Flaca suele llamar maullando, así que fui a abrir, intrigada.
No era Flaca, aunque por el tamaño casi lo parecía. Era una dulce abuelita, vestida con un chándal de colores lisérgicos, bajita y frágil tras las gafas de gruesos cristales. Yo la conocía de vista, vive en el complejo de apartamentos y a veces se la ve entrando y saliendo de su flamante Lexus verde metalizado.
-Hola -me dijo-, no quiero molestar, pero ¿es usted la que alquila los apartamentos?
Le dije que no molestaba aunque quisiera, y que no, yo no era, y que si preguntaba por la joven pareja que se encarga de administrar las peticiones de futuros inquilinos y de las mil y una chapucillas que los residentes requieren, vivían en la puerta 10, aquí al lado justo. Ella no perdió la sonrisa.

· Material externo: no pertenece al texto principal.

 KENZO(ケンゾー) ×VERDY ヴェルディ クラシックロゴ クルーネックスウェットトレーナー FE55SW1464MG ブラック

De hecho su expresión cambió tan poquito que no sé si entendió lo que le dije, porque acto seguido pasó a explicarme que se había dejado las llaves dentro y no podía entrar a su apartamento, y que por eso quería que alguien le abriera la puerta.
Le aseguré que entendía su problema pero que no estaba en mi mano solucionarlo, y que en todo caso debía hablar con Dawn y Bryan, aquí al lado, apartamento 10, no tiene más que dar la vuelta y entrar por la puerta de la fachada norte -sí, norte, qué pasa, aquí nos sabemos los puntos cardinales al dedillo-. Ella siguió sonriendo.
-Mire -dije al fin, en traducción libre-, qué porras, pase y le abro yo la otra puerta que da al rellano y ahí mismo tiene la puerta al apartamento 10, sin tener que hacer maniobras complicadas ni andar tanto.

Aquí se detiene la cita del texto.